By Christopher and Jasper
CHICAGO (Reuters) – Aid that has helped schools feed millions of American children over the past two years will be extended, pending congressional approval, after senators reached a deal after fears it could expire at the end of the month.
Pandemic aid has helped calm US household hunger rates in recent years, but hunger has risen again after child tax credit payments expired in January, while soaring food prices depleted family budgets.
The federal Child Retention Act, sponsored by Michigan Representative Debbie Stabeno and Republican John Bozeman of Arkansas, will extend some school feeding waivers introduced in 2020. These allowances expanded free meals for all students, relaxed dietary guidelines, and expanded summer meal offerings.
Agriculture Secretary Tom Vilsack said in a statement on Wednesday that the deal “will alleviate uncertainty and bring a measure of relief to our schools, summer sites and childcare feeding programmes.”

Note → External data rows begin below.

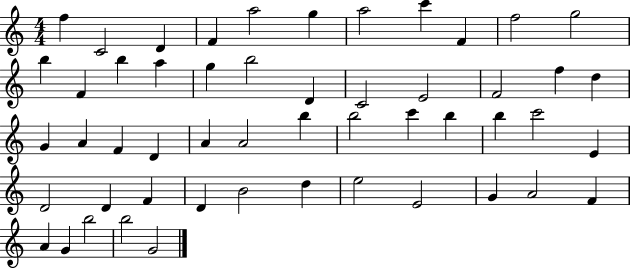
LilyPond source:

{
  \clef treble
  \numericTimeSignature
  \time 4/4
  \key c \major
  f''4 c'2 d'4 | f'4 a''2 g''4 | a''2 c'''4 f'4 | f''2 g''2 | \break b''4 f'4 b''4 a''4 | g''4 b''2 d'4 | c'2 e'2 | f'2 f''4 d''4 | \break g'4 a'4 f'4 d'4 | a'4 a'2 b''4 | b''2 c'''4 b''4 | b''4 c'''2 e'4 | \break d'2 d'4 f'4 | d'4 b'2 d''4 | e''2 e'2 | g'4 a'2 f'4 | \break a'4 g'4 b''2 | b''2 g'2 | \bar "|."
}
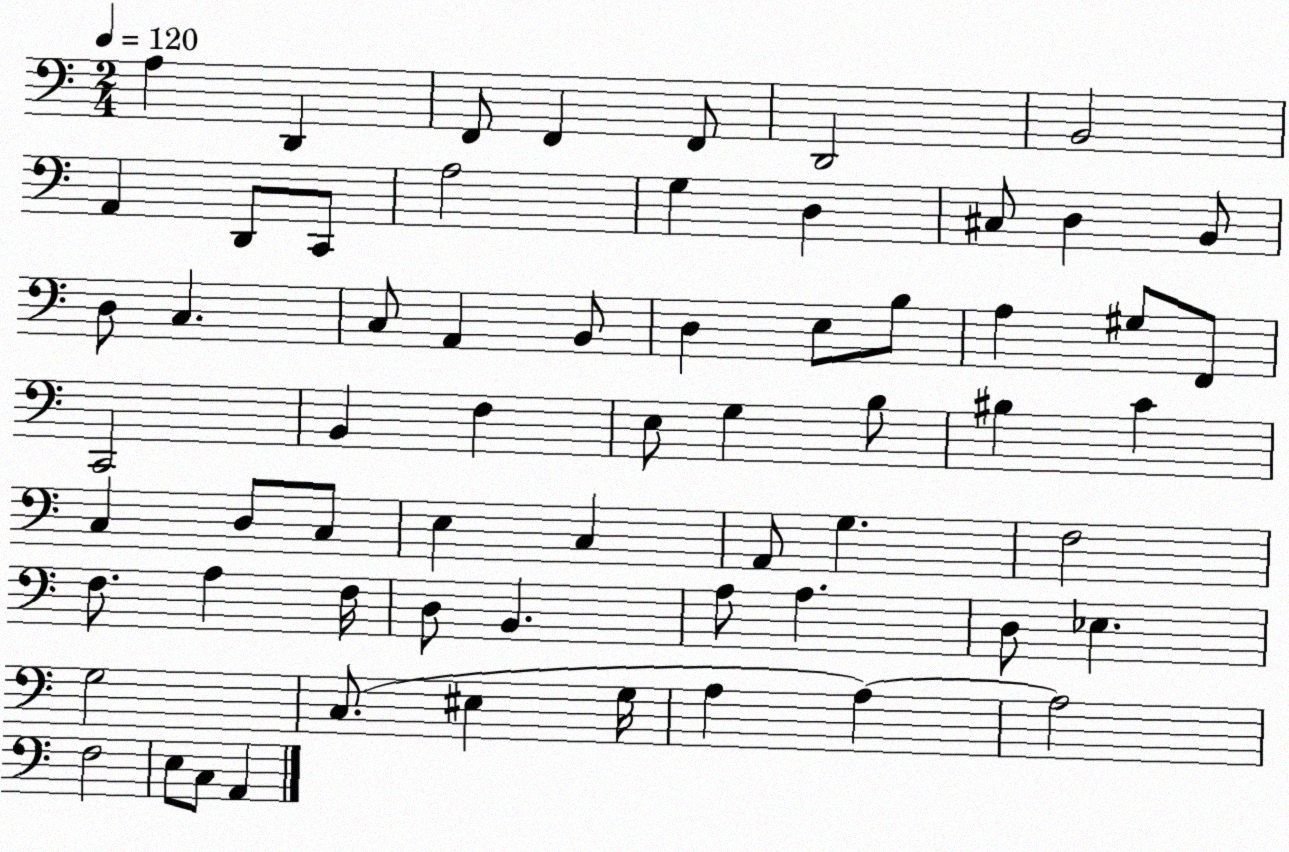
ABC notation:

X:1
T:Untitled
M:2/4
L:1/4
K:C
A, D,, F,,/2 F,, F,,/2 D,,2 B,,2 A,, D,,/2 C,,/2 A,2 G, D, ^C,/2 D, B,,/2 D,/2 C, C,/2 A,, B,,/2 D, E,/2 B,/2 A, ^G,/2 F,,/2 C,,2 B,, F, E,/2 G, B,/2 ^B, C C, D,/2 C,/2 E, C, A,,/2 G, F,2 F,/2 A, F,/4 D,/2 B,, A,/2 A, D,/2 _E, G,2 C,/2 ^E, G,/4 A, A, A,2 F,2 E,/2 C,/2 A,,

The bill calls for increased pre-pandemic funding levels, but reduces recent funding and eligibility after several failed attempts to extend the program.
Many schools have already canceled summer meal programs this year, expecting waivers to expire. Others say they will expand the offerings if the bill is passed.

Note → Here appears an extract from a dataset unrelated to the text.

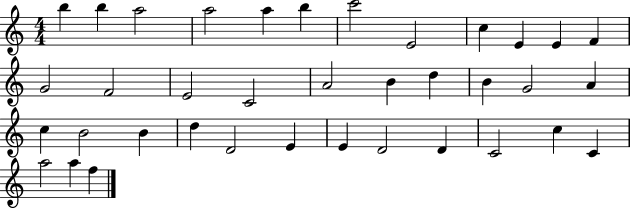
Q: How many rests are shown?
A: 0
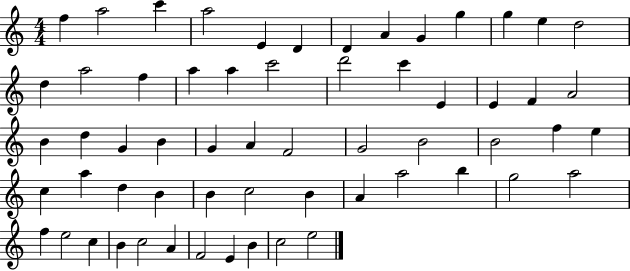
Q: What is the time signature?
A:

“We’ve called a lot of parents, asking if we’re serving (summer) meals,” said Michael Jasper, a nutrition services superintendent for Holmen School District in West Central Wisconsin. “We were feeding between 200 and 300 children a day, in a town of 10,000 people. Clearly there is a need.”

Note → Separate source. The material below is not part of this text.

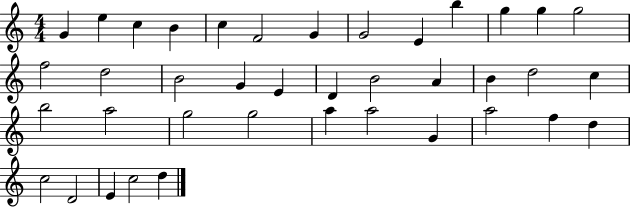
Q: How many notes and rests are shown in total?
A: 39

Since 2020, fast-food meals have been available at expanded locations, doubling servings in 2019, according to No Kid Hungry, a children’s nutrition advocacy group.
During the school year, federal benefits were paid out to $4.56 per meal served, regardless of income.
The new proposal reverts to a tiered approach, increasing the reimbursement rate to $4.06 for eligible free students and 75 cents for paid meals. The bill also increased the income entitlement to free meals for families just above the previous limit.